[[ PROVIDED RECORDS, beginning ]]
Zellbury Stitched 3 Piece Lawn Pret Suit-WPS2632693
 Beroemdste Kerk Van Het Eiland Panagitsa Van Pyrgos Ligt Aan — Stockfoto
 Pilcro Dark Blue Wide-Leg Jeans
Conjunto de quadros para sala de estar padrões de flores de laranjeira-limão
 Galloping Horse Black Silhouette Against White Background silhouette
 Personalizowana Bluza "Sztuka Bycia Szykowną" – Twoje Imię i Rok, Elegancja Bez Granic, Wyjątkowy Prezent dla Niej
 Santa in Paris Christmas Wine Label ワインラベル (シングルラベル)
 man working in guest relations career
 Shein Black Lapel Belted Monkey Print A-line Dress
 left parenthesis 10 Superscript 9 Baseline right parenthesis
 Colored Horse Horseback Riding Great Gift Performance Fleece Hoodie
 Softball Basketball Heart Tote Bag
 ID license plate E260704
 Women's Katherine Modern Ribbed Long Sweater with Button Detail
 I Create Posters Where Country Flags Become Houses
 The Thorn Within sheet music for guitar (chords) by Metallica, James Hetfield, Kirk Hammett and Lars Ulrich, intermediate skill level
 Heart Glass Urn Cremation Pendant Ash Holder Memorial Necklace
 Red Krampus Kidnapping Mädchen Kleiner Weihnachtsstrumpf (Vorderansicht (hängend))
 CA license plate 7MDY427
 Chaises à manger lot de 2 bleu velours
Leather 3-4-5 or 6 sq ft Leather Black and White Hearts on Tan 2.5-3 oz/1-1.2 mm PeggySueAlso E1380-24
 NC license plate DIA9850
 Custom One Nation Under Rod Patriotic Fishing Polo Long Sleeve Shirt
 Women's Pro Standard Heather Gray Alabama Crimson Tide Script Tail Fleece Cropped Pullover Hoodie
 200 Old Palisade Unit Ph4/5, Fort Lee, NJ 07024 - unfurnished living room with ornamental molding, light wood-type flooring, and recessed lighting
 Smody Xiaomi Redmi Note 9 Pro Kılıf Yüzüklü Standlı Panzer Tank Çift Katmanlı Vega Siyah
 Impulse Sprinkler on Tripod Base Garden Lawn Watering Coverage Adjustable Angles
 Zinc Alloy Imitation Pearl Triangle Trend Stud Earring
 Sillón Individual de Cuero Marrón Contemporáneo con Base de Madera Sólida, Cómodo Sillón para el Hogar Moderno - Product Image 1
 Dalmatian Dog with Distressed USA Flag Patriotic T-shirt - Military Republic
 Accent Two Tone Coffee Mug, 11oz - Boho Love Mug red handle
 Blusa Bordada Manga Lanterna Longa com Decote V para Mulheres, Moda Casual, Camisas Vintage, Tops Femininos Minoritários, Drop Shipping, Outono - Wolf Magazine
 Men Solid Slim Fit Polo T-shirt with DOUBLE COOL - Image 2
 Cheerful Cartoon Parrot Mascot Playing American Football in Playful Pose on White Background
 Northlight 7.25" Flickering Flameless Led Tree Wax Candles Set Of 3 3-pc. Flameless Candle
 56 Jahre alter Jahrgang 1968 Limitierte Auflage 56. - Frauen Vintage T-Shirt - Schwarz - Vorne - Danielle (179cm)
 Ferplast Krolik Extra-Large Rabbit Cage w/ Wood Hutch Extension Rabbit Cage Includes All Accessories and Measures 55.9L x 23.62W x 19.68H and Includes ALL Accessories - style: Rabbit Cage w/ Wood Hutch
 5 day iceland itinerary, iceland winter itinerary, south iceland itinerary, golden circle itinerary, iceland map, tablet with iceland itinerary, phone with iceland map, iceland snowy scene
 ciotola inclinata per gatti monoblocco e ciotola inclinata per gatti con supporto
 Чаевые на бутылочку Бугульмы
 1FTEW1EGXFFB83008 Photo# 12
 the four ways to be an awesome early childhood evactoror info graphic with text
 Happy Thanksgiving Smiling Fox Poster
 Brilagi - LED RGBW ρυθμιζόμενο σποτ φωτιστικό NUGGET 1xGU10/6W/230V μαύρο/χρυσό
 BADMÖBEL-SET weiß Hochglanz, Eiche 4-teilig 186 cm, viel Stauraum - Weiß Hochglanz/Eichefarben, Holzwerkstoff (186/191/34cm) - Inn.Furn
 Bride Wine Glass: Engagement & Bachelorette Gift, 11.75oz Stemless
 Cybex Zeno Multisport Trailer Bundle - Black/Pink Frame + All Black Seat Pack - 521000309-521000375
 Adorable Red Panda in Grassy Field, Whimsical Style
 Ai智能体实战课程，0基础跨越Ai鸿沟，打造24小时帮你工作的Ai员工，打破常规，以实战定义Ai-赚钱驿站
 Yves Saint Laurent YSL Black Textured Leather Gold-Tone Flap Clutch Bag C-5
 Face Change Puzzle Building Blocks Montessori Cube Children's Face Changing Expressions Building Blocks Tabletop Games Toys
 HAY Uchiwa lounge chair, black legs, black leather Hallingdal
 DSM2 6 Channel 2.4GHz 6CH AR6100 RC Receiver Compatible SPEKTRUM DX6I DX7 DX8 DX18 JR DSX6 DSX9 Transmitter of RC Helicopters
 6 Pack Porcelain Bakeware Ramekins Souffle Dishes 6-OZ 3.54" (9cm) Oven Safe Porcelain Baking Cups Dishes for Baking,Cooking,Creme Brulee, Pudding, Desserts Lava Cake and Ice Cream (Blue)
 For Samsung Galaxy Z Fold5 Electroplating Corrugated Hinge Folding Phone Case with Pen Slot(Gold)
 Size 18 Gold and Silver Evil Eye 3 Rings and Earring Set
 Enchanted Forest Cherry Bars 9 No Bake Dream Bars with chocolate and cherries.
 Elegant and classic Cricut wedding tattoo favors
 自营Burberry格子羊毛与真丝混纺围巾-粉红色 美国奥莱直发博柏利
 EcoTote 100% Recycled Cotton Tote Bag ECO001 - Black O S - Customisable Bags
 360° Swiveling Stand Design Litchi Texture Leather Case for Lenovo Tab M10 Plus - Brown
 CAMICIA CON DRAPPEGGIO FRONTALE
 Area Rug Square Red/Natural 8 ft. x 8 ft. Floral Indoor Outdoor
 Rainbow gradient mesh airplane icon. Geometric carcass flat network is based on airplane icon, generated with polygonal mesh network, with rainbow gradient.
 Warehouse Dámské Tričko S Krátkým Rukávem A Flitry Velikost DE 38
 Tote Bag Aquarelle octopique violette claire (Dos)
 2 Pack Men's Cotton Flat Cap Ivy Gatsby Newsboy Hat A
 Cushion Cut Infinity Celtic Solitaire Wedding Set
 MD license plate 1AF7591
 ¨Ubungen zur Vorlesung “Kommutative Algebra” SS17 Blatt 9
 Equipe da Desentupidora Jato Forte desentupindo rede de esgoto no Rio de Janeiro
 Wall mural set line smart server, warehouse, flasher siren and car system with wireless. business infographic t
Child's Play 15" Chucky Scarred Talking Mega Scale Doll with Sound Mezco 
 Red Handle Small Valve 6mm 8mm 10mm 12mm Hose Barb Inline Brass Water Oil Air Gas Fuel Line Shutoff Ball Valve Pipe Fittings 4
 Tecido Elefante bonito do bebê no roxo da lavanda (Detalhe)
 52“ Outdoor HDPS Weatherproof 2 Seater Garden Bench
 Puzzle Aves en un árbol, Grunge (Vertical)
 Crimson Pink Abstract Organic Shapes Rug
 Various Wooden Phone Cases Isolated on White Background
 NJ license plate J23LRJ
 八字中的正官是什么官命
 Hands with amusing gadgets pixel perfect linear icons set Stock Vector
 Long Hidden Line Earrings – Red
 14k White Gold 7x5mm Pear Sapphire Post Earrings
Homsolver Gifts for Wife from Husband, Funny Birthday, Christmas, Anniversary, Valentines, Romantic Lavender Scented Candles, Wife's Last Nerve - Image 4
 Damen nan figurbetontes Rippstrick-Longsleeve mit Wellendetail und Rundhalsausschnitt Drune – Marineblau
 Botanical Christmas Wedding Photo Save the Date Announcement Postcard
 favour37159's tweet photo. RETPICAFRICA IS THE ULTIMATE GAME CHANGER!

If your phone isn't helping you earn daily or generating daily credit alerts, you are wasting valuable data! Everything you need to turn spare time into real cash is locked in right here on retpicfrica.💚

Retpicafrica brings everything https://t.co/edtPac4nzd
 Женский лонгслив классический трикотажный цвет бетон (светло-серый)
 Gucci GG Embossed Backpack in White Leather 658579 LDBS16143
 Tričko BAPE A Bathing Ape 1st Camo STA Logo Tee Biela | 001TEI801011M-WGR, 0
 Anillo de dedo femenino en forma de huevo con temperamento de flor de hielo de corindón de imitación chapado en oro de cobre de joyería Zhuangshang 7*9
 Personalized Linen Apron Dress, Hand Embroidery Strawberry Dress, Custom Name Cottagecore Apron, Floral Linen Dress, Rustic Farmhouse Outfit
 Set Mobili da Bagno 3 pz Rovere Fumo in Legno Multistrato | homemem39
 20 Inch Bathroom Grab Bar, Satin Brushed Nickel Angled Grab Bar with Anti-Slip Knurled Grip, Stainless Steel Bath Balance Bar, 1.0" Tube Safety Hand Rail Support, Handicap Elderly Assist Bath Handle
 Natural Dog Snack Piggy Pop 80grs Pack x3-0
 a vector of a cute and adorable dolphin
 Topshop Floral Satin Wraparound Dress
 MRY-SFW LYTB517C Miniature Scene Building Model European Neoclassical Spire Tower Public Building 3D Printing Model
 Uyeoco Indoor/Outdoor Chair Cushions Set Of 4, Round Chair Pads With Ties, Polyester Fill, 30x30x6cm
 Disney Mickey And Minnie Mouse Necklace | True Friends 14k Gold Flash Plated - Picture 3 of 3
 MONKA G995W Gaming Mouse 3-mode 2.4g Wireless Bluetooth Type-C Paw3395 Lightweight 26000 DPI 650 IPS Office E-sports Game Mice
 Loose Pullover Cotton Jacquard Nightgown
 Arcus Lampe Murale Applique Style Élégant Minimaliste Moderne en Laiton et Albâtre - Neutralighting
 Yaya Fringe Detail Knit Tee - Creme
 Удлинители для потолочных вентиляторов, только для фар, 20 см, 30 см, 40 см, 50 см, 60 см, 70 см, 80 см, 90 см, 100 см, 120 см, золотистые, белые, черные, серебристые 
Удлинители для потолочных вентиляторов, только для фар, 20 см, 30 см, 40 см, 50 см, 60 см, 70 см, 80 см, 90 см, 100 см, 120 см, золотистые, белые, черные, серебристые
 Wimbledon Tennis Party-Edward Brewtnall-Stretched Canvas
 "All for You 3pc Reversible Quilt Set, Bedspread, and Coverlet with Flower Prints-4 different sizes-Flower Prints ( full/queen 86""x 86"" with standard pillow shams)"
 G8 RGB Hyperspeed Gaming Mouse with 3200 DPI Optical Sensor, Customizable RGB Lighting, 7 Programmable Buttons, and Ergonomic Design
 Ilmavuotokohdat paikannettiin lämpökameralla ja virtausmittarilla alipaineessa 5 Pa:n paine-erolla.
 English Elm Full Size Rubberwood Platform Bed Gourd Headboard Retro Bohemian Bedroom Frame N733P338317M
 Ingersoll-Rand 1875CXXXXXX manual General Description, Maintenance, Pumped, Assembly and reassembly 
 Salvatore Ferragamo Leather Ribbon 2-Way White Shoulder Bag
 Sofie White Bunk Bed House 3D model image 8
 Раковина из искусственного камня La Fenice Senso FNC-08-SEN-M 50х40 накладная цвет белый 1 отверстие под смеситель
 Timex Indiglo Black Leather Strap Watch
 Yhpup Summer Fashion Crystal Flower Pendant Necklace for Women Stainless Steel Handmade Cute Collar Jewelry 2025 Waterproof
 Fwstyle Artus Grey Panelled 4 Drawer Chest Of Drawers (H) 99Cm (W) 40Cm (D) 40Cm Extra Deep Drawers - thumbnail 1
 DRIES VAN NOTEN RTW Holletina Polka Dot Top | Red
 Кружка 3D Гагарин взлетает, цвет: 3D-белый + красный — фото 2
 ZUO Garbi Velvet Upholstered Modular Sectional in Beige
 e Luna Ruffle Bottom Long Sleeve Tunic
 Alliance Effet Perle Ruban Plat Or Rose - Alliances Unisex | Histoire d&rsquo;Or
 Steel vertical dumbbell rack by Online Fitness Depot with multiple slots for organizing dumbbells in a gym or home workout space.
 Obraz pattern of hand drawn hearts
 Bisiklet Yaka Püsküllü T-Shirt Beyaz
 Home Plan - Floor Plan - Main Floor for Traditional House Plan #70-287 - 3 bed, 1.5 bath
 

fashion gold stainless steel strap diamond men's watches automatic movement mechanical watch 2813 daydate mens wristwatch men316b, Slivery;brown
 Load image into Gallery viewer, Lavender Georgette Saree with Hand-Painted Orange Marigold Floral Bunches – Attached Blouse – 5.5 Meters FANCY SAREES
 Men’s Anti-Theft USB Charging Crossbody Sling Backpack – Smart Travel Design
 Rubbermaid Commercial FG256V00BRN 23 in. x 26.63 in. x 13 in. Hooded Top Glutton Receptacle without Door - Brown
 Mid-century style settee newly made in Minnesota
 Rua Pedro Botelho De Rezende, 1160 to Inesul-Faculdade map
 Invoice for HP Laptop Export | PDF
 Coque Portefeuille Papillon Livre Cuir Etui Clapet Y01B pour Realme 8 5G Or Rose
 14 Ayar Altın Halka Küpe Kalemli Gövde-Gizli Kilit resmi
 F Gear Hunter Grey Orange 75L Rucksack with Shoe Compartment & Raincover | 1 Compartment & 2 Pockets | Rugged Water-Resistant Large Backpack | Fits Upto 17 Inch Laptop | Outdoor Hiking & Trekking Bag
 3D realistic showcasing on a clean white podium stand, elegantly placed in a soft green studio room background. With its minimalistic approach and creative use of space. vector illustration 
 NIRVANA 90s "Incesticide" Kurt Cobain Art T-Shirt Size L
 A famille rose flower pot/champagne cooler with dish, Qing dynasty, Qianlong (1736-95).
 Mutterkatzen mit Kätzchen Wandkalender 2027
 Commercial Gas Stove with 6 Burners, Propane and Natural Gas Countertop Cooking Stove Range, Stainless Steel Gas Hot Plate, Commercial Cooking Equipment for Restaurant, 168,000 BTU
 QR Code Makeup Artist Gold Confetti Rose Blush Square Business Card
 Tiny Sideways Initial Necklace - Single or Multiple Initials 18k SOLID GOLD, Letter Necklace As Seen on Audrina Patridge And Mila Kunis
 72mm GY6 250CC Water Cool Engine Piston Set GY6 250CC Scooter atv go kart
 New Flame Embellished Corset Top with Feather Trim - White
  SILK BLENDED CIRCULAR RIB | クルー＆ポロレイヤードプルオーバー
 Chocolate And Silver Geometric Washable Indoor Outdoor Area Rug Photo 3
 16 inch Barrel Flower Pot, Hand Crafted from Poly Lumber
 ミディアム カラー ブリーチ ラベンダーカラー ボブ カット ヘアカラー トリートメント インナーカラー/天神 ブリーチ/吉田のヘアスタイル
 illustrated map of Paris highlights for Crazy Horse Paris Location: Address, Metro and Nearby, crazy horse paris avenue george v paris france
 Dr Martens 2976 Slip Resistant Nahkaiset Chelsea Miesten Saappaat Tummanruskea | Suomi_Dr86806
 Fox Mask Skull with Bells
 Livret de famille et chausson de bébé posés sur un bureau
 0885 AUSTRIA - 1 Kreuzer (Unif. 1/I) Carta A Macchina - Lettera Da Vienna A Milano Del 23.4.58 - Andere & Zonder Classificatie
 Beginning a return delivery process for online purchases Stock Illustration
[[ PROVIDED RECORDS, end ]]
- _YOUR INSTRUCTIONS_
Repeat the lines from the first one in the records through the line containing "Chaises à manger lot de 2 bleu velours", exactly as written, and nothing else.

- _RESULT BELOW_
Zellbury Stitched 3 Piece Lawn Pret Suit-WPS2632693
 Beroemdste Kerk Van Het Eiland Panagitsa Van Pyrgos Ligt Aan — Stockfoto
 Pilcro Dark Blue Wide-Leg Jeans
Conjunto de quadros para sala de estar padrões de flores de laranjeira-limão
 Galloping Horse Black Silhouette Against White Background silhouette
 Personalizowana Bluza "Sztuka Bycia Szykowną" – Twoje Imię i Rok, Elegancja Bez Granic, Wyjątkowy Prezent dla Niej
 Santa in Paris Christmas Wine Label ワインラベル (シングルラベル)
 man working in guest relations career
 Shein Black Lapel Belted Monkey Print A-line Dress
 left parenthesis 10 Superscript 9 Baseline right parenthesis
 Colored Horse Horseback Riding Great Gift Performance Fleece Hoodie
 Softball Basketball Heart Tote Bag
 ID license plate E260704
 Women's Katherine Modern Ribbed Long Sweater with Button Detail
 I Create Posters Where Country Flags Become Houses
 The Thorn Within sheet music for guitar (chords) by Metallica, James Hetfield, Kirk Hammett and Lars Ulrich, intermediate skill level
 Heart Glass Urn Cremation Pendant Ash Holder Memorial Necklace
 Red Krampus Kidnapping Mädchen Kleiner Weihnachtsstrumpf (Vorderansicht (hängend))
 CA license plate 7MDY427
 Chaises à manger lot de 2 bleu velours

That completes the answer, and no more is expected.